■ **Task**
Your reply should consist only of the lines from the one with "2009-2014 Ford F150" through the end of the entries, transcribed exactly. Pictures stay out.
*** Entries supplied
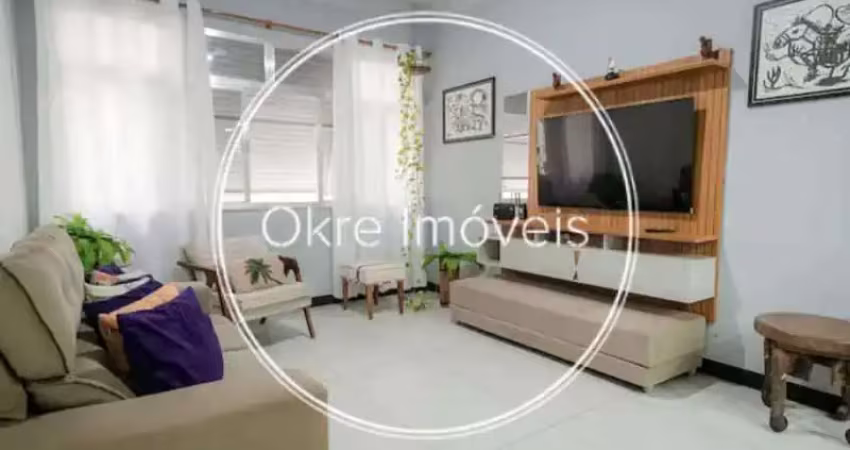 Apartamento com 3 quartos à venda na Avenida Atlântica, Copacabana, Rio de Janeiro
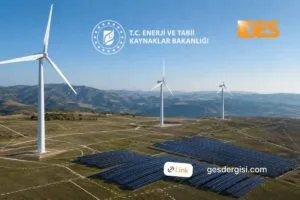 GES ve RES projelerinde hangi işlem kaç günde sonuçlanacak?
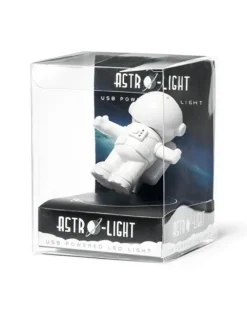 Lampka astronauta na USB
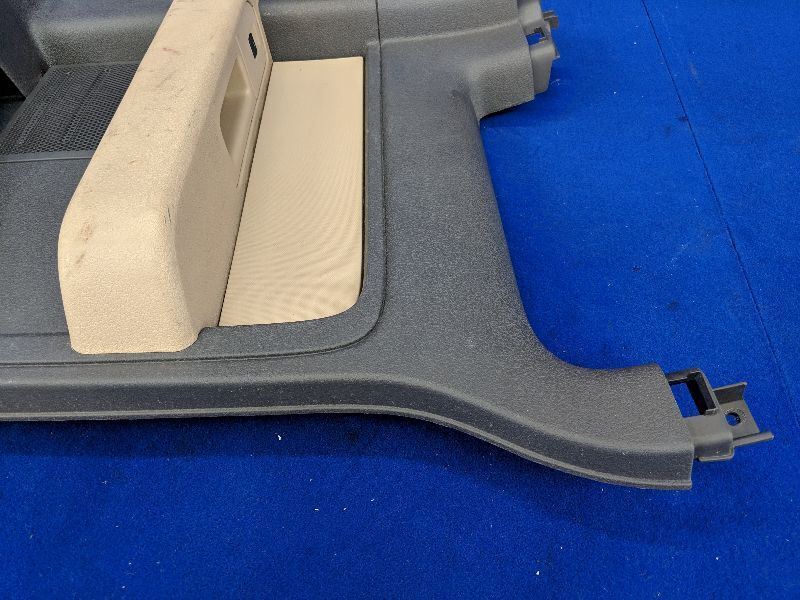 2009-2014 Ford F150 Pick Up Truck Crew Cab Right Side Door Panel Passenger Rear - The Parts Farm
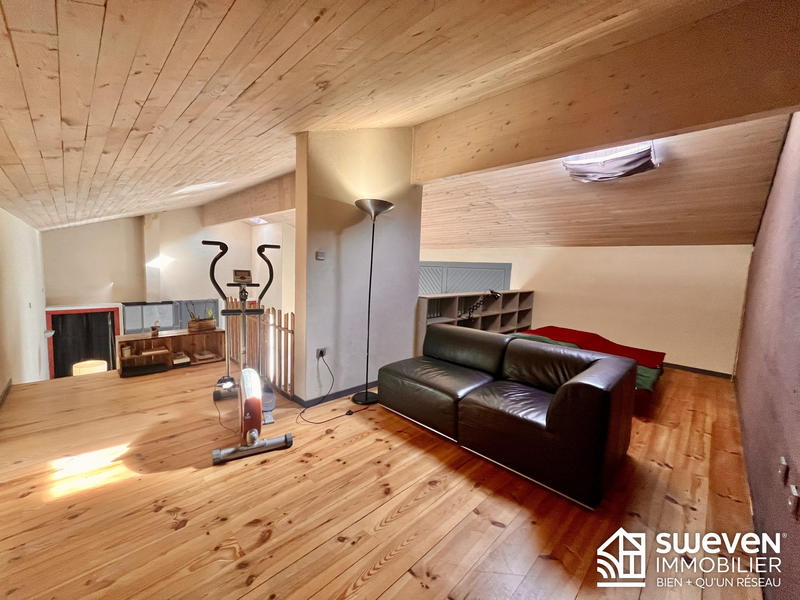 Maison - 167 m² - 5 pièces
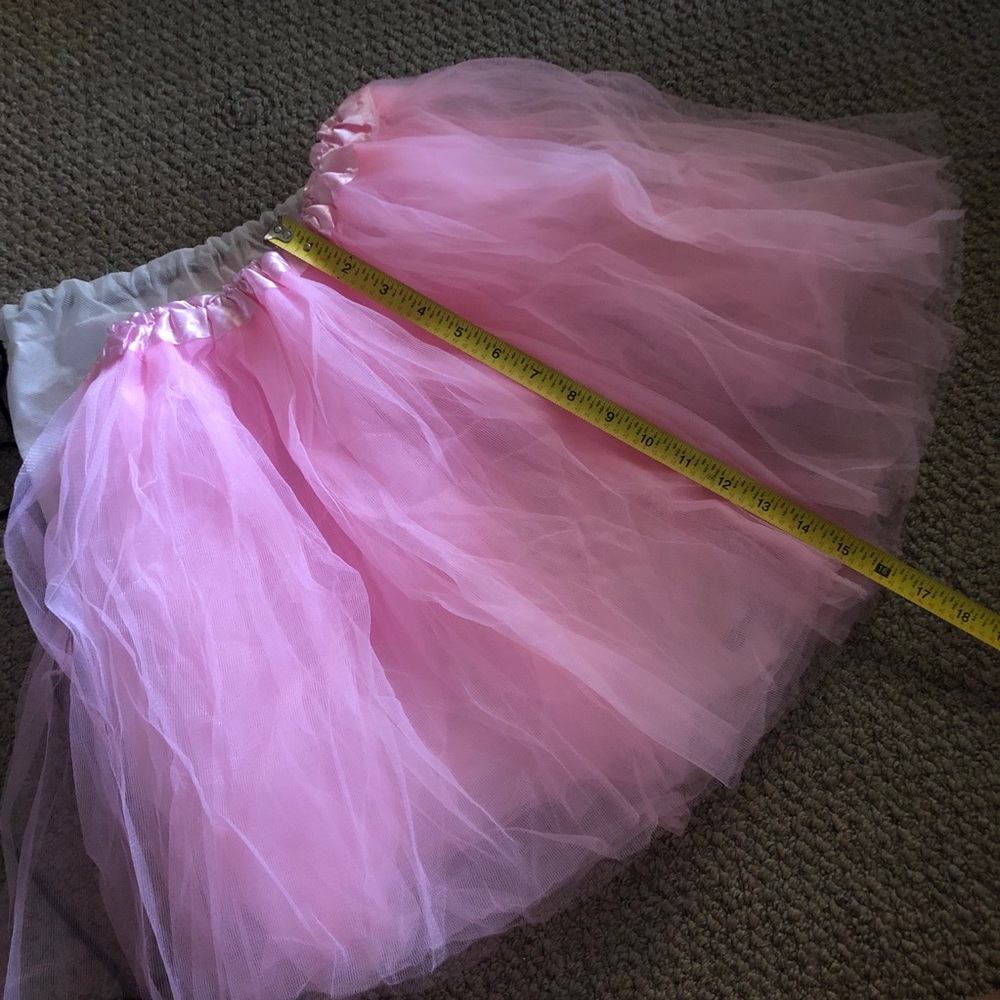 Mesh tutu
******
■ **Answer to the exercise**
 2009-2014 Ford F150 Pick Up Truck Crew Cab Right Side Door Panel Passenger Rear - The Parts Farm
 Maison - 167 m² - 5 pièces
 Mesh tutu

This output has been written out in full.